By Kieran Hartley, election candidate and businessman

A total of 530 utility-scale solar photo-voltaic (USSPV) or ‘commercial solar’ farms have sought connections to the Irish grid – up to the start of this year. This amounts to 5,215MW and would cover almost 26,000ac.

However, there are issues that Irish farmers should be aware of when contemplating solar energy. For example, how are CAP subsidies and BPS (Basic Payment Scheme) payments affected?

For starters, any agricultural land switched to USSPV will not be eligible for a BPS claim for the duration of the ‘solar’ contract. Backing up this assertion, the Minister for Agriculture, Michael Creed, has stated: “While cases involving solar panels will be examined on an individual basis, the area covered by the solar panels will be deemed ineligible for the purposes of claiming BPS, in line with advice from the EU Commission”.

Farmers should check the availability and cost of land, onto which they might wish to transfer entitlements for the duration of a USSPV project. Otherwise, they may be rescinding BPS entitlements in perpetuity – on land destined for a commercial solar farm.

An additional caveat is that farmland should be owned/leased and, also, used and managed by the BPS applicant to qualify for scheme payments. If land is owned by the farmer but leased to a solar developer for a commercial solar farm, then all of the leased land may be ineligible – beyond the specific areas on which the panels have an actual footprint on the ground.

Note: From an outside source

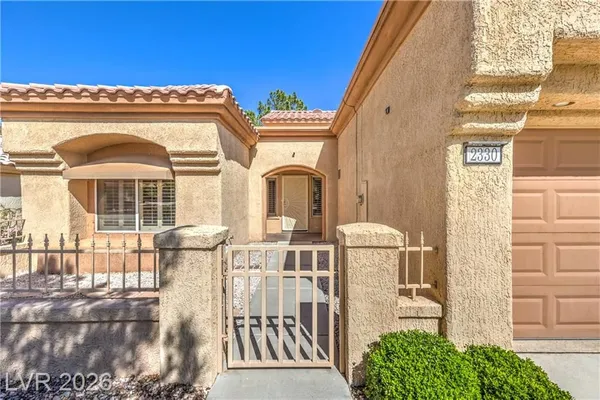 Property Slideshow image 3 of 33 | 2330 spring water dr, Las Vegas, NV, 89134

Farm transfer and succession planning is another key consideration. Section 89 of the Capital Acquisitions Tax (CAT) Consolidation Act 2003 provides for ‘agricultural relief’. This takes the form of a 90% reduction in the taxable market value of a gifted or inherited agricultural property. To avail of this, the agricultural holding must comprise at least 80% (by the prevailing gross market value) of the beneficiary’s total property.

The Minister for Finance, replying to a parliamentary question from James Browne TD said: “The Revenue Commissioners take the view that land on which solar panels are installed is not agricultural property – for the purpose of establishing whether or not a beneficiary satisfies this 80% test”.

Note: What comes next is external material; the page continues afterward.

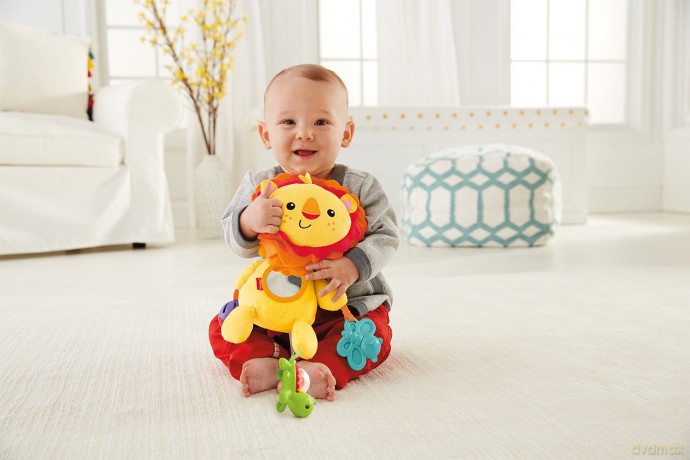 FISHER-PRICE Lew z zabawkami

A condition for agricultural relief that applies to gifts and inheritances taken on or after January 1, 2015 is that a beneficiary must actually farm the land – for a period of at least six years after taking the gift or inheritance. Would the ‘ability’ to farm the land be affected if solar panels were installed during this six-year period?

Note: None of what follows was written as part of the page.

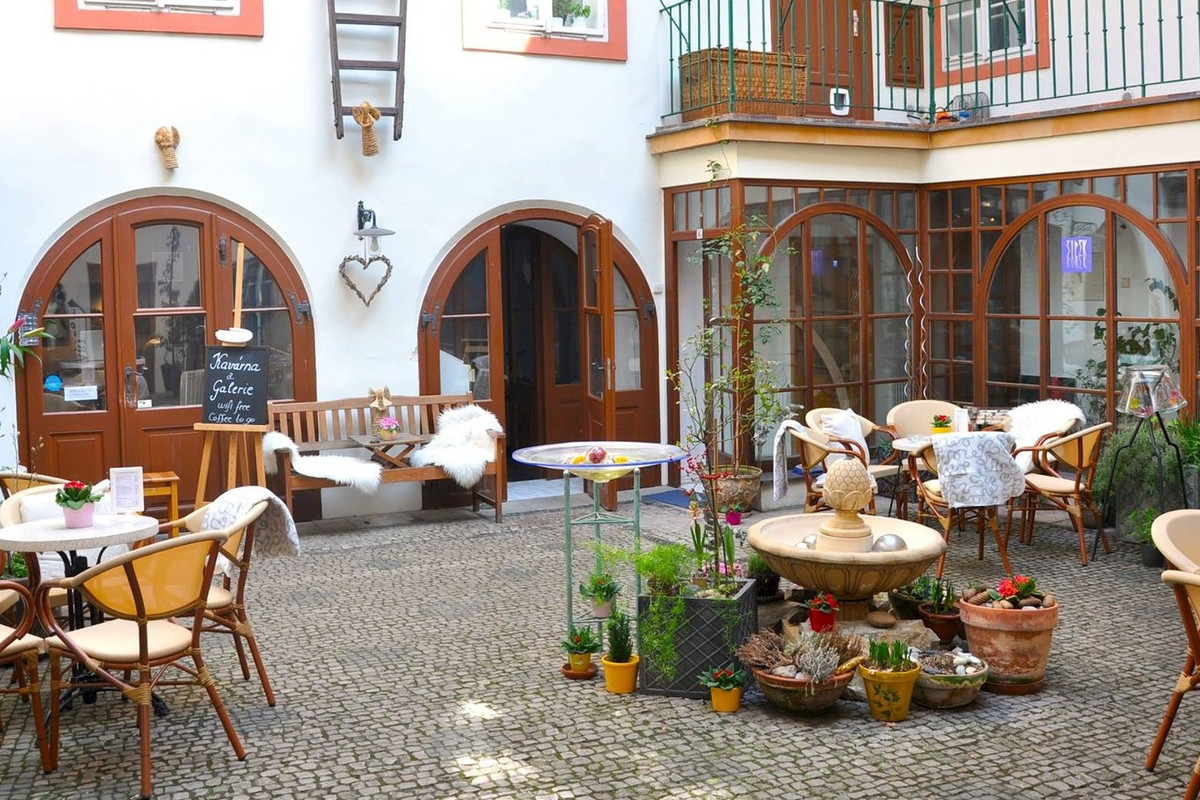 Rainbow's End Cafe and Art Garden - obrázek 1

Farmers should also bear in mind that a valid grid connection application, linked via a USSPV option/lease to their farmland, may become a ‘trade-able’ item – exercise-able at the discretion of the developer.

A farmer should be cognisant of exposing his or her holding to commercial strangers. A contract quid-pro-quo should accommodate moving a USSPV option or contract to a competing developer – in the event of the original developer sitting on its hands, going broke or exiting the State.

A farmer should exercise caution before signing a contract that allows a developer to exercise optional control – in perpetuity, even to successors – over his or her land, before putting pen to paper.

In any case, a USSPV Renewable Energy Feed in Tariff (REFiT), or subsidy, is unlikely to be in place until late this year or early 2018. Moreover, the Minister has indicated that this will be limited. Many of the pending 530 USSPV applications might come to little or nothing.

Solar will undoubtedly be of benefit to Ireland in its future energy mix. There will be farms on which USSPV projects will sit perfectly – those adjacent to an existing substation; with a southerly aspect; on marginal land; with a low or non-existent BPS claim; or with no succession concerns.

Family farmers should take the best legal and tax advice possible – to ensure that they are fully aware of what they are actually signing up to.